2. BIO Tagging for Entity Recognition

The annotation interface automatically handles multi-token entities using the BIO (Beginning-Inside-Outside) tagging scheme. When annotating “John Smith Ltd.”, the system generates:

  • B-COMPANY for “John”
  • I-COMPANY for “Smith”
  • I-COMPANY for “Ltd.”

This allows the model to learn complex entity boundaries and handle fragmented text naturally.
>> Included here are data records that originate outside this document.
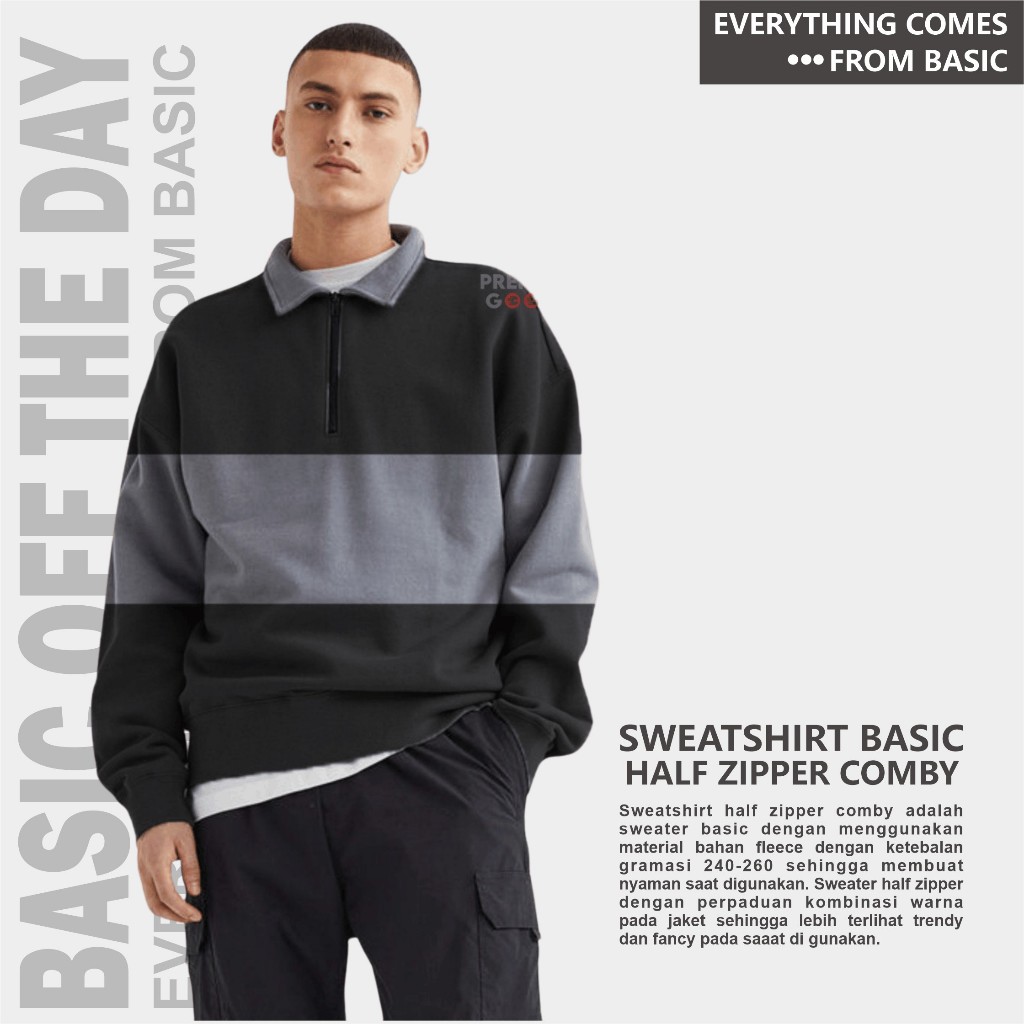 Half Zipper Pria Comby | Half Zip Sweater | Half Zipper Sweater | Sweater Half Zipper Pria
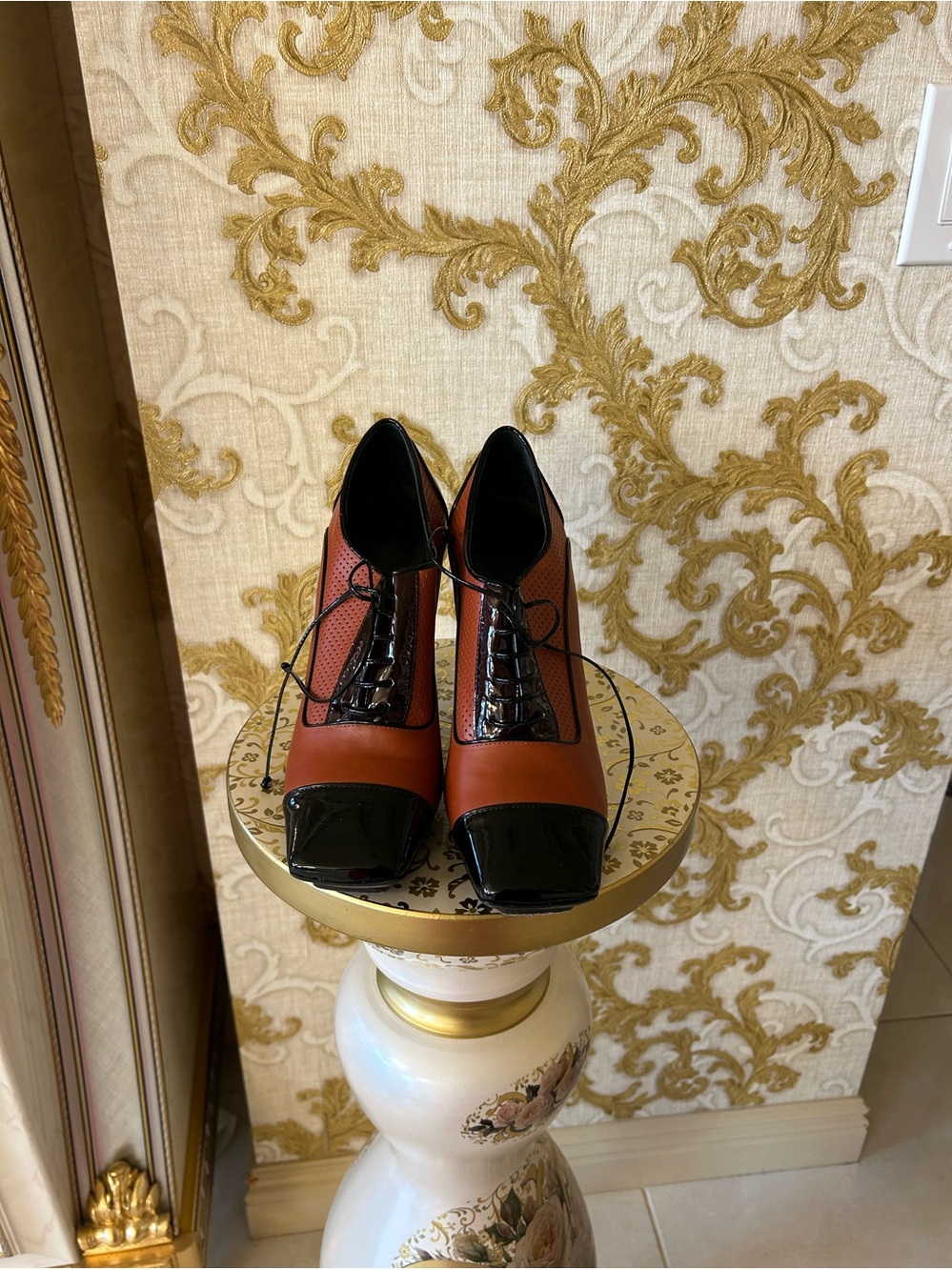 Escada Two-Tone Brown and Black Lace-Up Block Heel Pumps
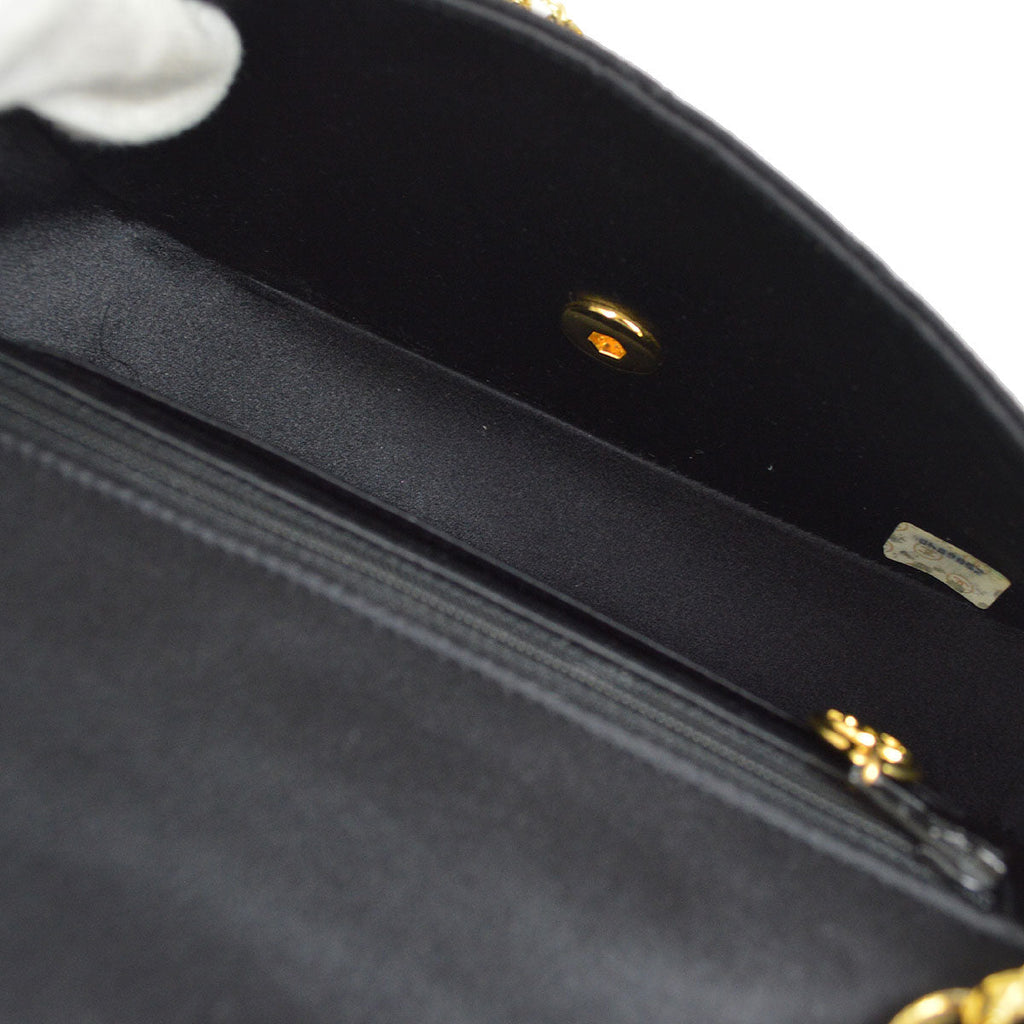 CHANEL 1991-1994 Diana Flap Mini Black Satin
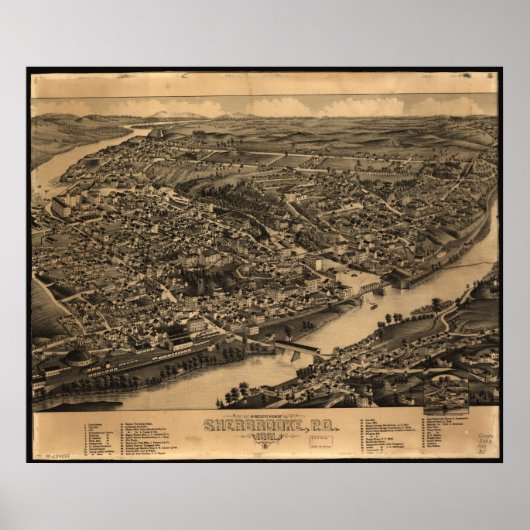 1881 Sherbrooke, Quebec Bird's Eye Panoramic Map Poster (Voorkant)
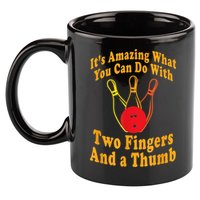 Funny Retro Bowling Ball Two Fingers And A Thumb 11oz C Handle Ceramic Mug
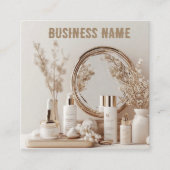 スキンケア製品とフローラアクセント スクエア名刺 (正面)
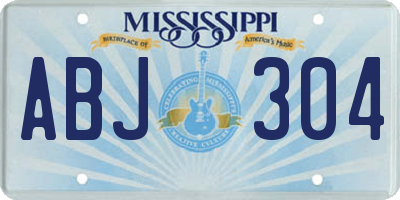 MS license plate ABJ304
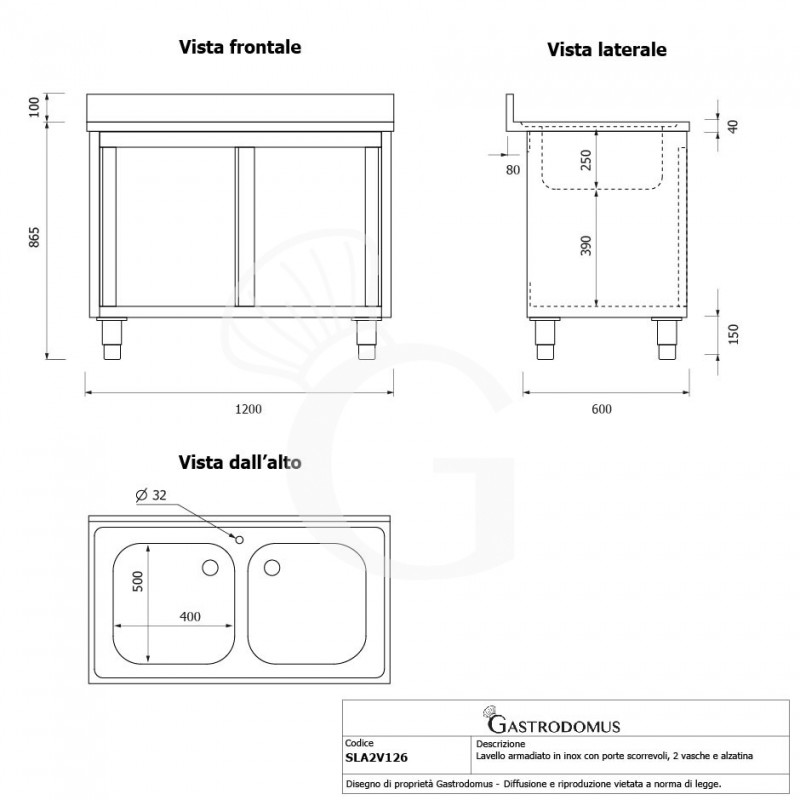 Spülschrank, Edelstahl, Schiebetüren, 2 Becken, Aufkantung, B 1200 x T 600 x H 965 mm, Hahnloch (Ø 32 mm)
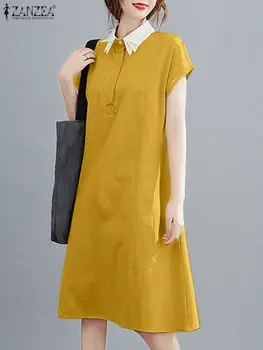 ZANZEA Женское винтажное платье для вечеринок Летний праздничный халат Femme 2023 С коротким рукавом Midi Vestidos Оверсайз Повседневный однотонный свободный сарафан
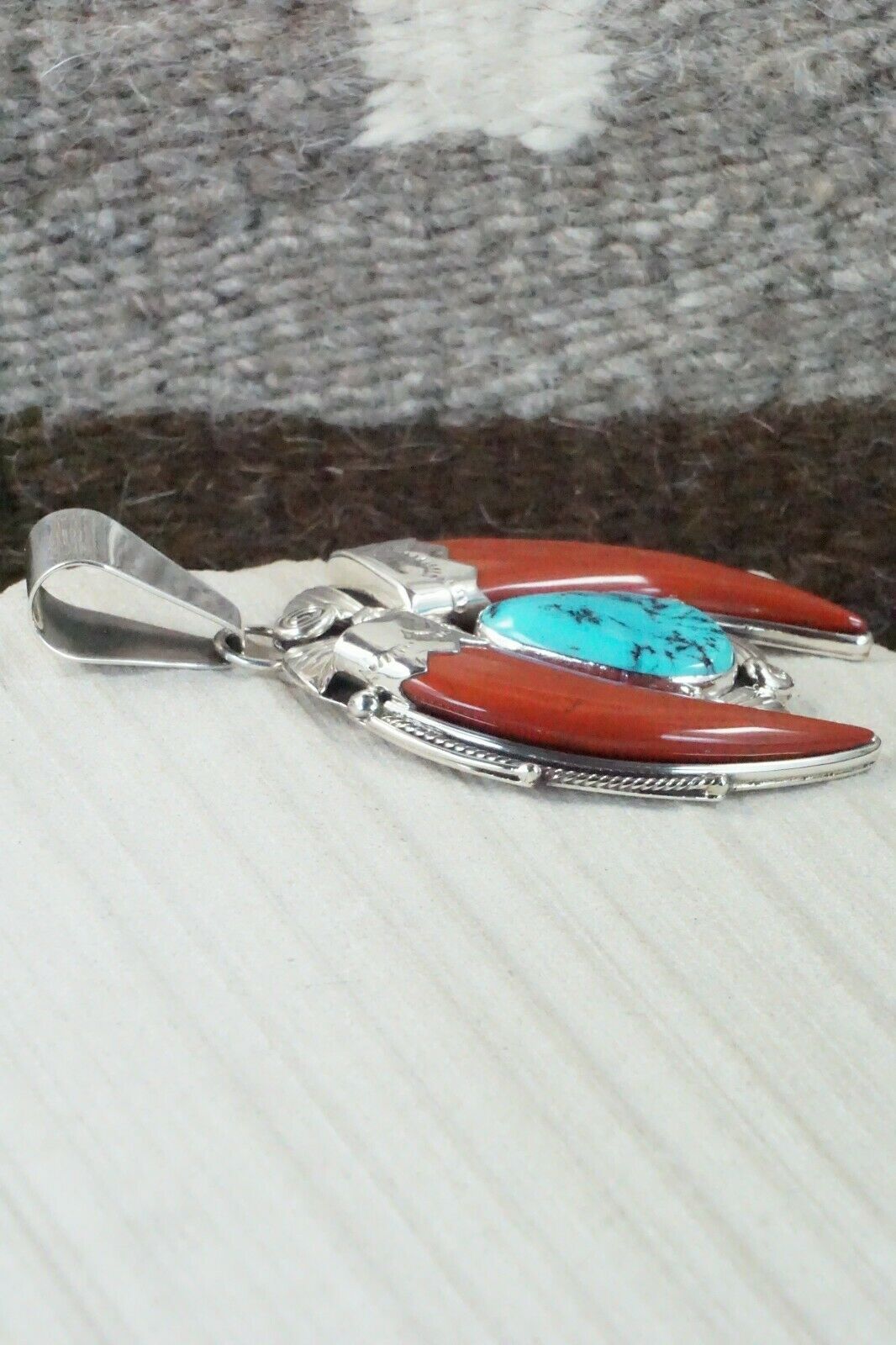 Coral, Turquoise & Sterling Silver Pendant - Navajo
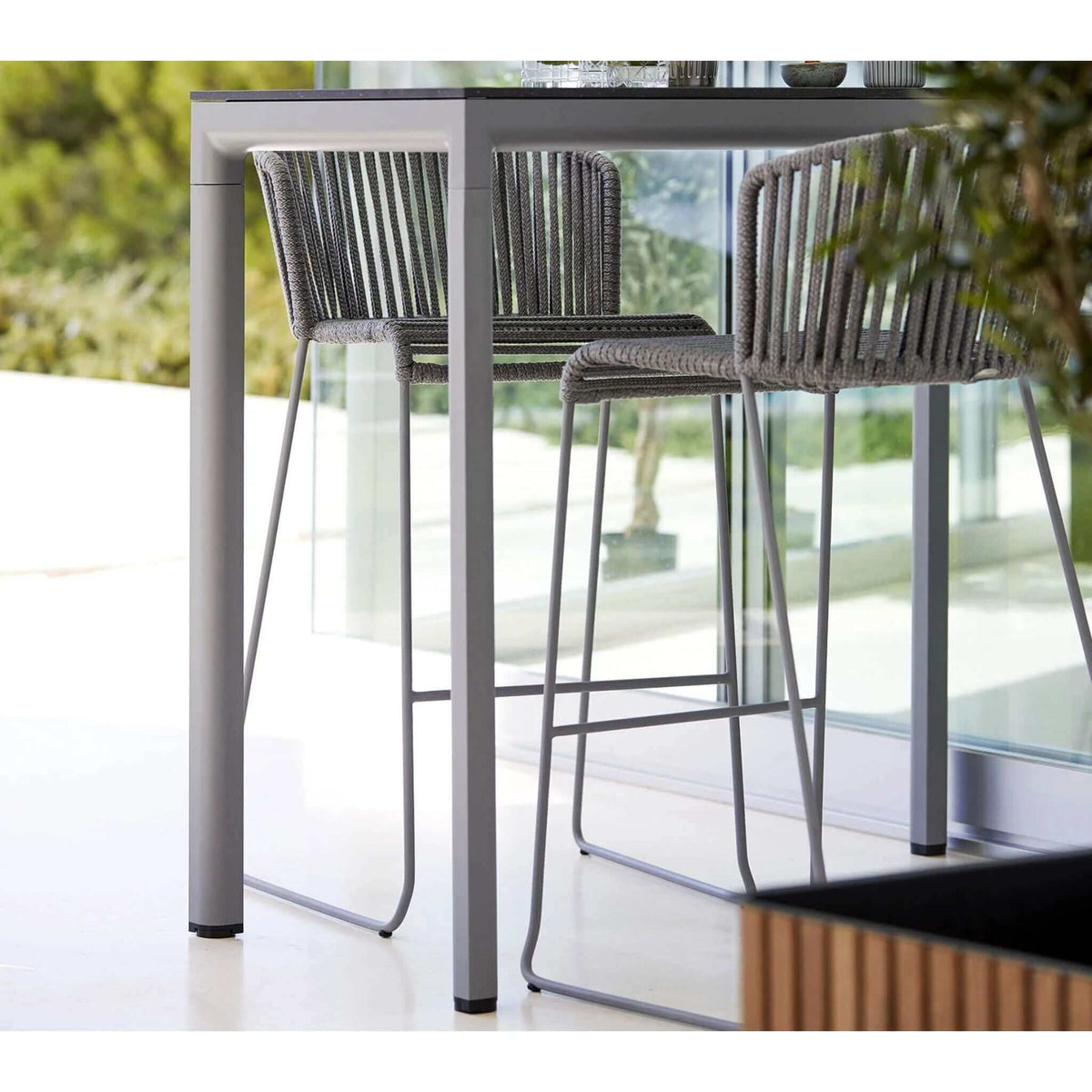 Cane-Line Drop Bar Table Base, 150X75 cm-Lava grey, aluminium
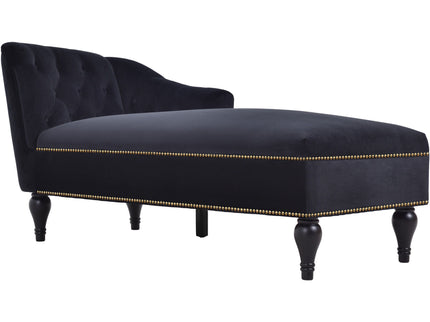 Velvet Chaise Lounge, Button Tufted Right Arm Facing Lounge Chair With Nailhead Trim For Living Room - Black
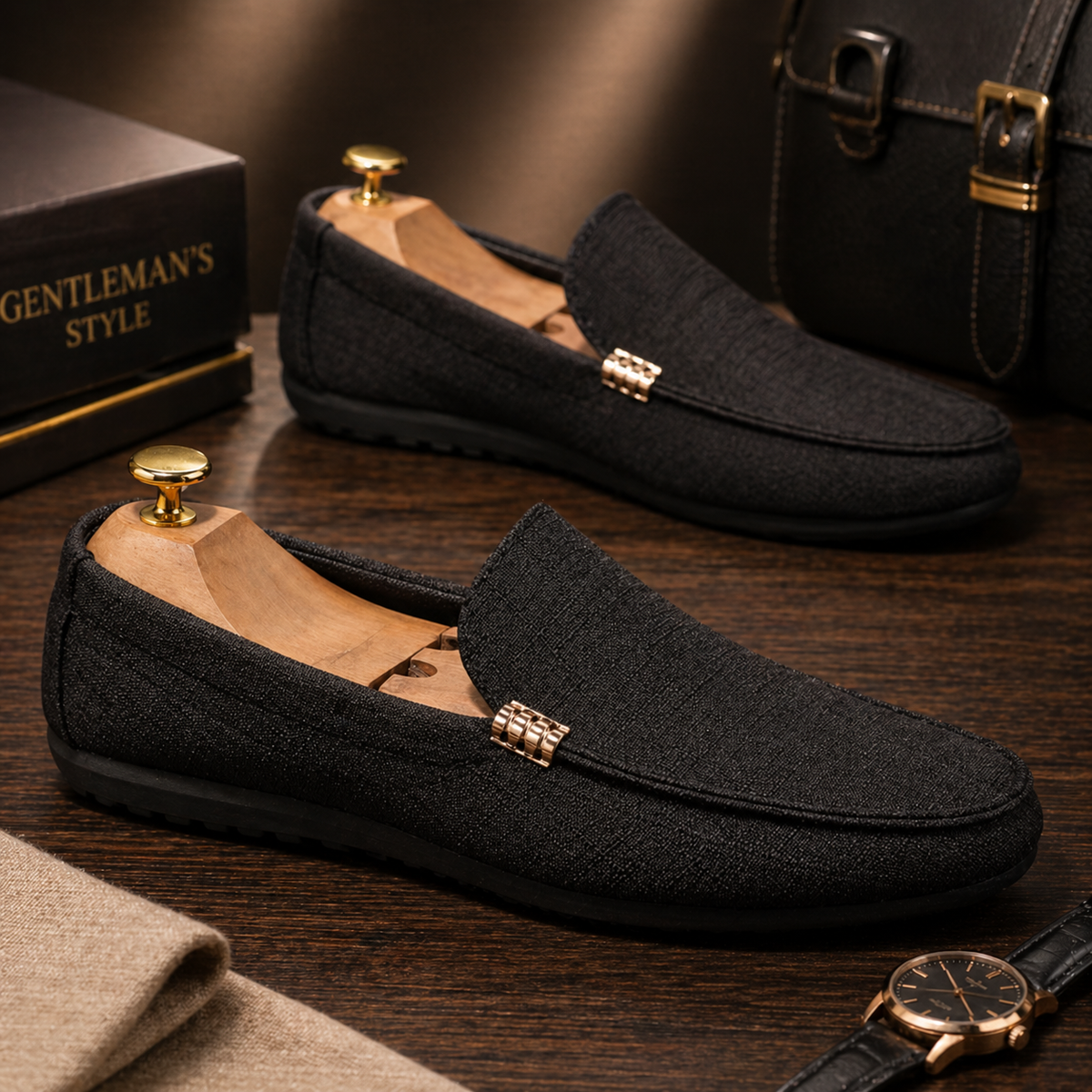 Black canvas moccasin loafers with gold trim, propped near leather bag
3. Data Augmentation Pipeline

After annotation, the system automatically generates augmented versions of your documents with various transformations:

  • Contrast and brightness adjustments
  • Gaussian noise addition
  • Slight rotations and perspective changes
  • All while preserving and transferring the original annotations using Levenshtein distance matching

Workflow

annotate.py → layoutlmv3_ft.py → inference.py

  1. Annotation Phase: Upload documents, run OCR, and annotate key information with custom labels
  2. Training Phase: Fine-tune LayoutLMv3 on your annotated data (typically 2-4 hours on CPU)
  3. Inference Phase: Process new documents and extract structured information

Future Development: Feedback Loop

The next major enhancement will introduce a feedback loop in the inference pipeline, allowing continuous improvement of the model through human corrections:

Planned feedback loop architecture: predictions → human corrections → model retraining with incremental learning.

Planned Features:

  1. Interactive Correction Interface: Review and correct model predictions directly in the inference UI
  2. Incremental Learning: Retrain the model on corrected data without forgetting previous knowledge
  3. Active Learning: Prioritize uncertain predictions for human review
  4. Version Control: Track model improvements over time with performance metrics

This feedback mechanism will enable the system to continuously improve its accuracy on your specific document types, creating a truly adaptive solution.

Use Cases

DocCustomKIE has been successfully applied to various document types:

  • Medical records and prescriptions
  • Administrative forms and certificates
  • Financial documents and invoices
  • Legal contracts and agreements
  • Any structured or semi-structured documents requiring information extraction

Technical Stack

  • OCR: Tesseract with custom pre-processing pipeline
  • Model: Microsoft LayoutLMv3-base (multimodal transformer)
  • Framework: PyTorch with Hugging Face Transformers
  • Interface: Flask web application
  • Data Format: JSONL for annotations, supporting standard KIE datasets

The system is designed to be lightweight and accessible, running efficiently on standard hardware without specialized GPU requirements.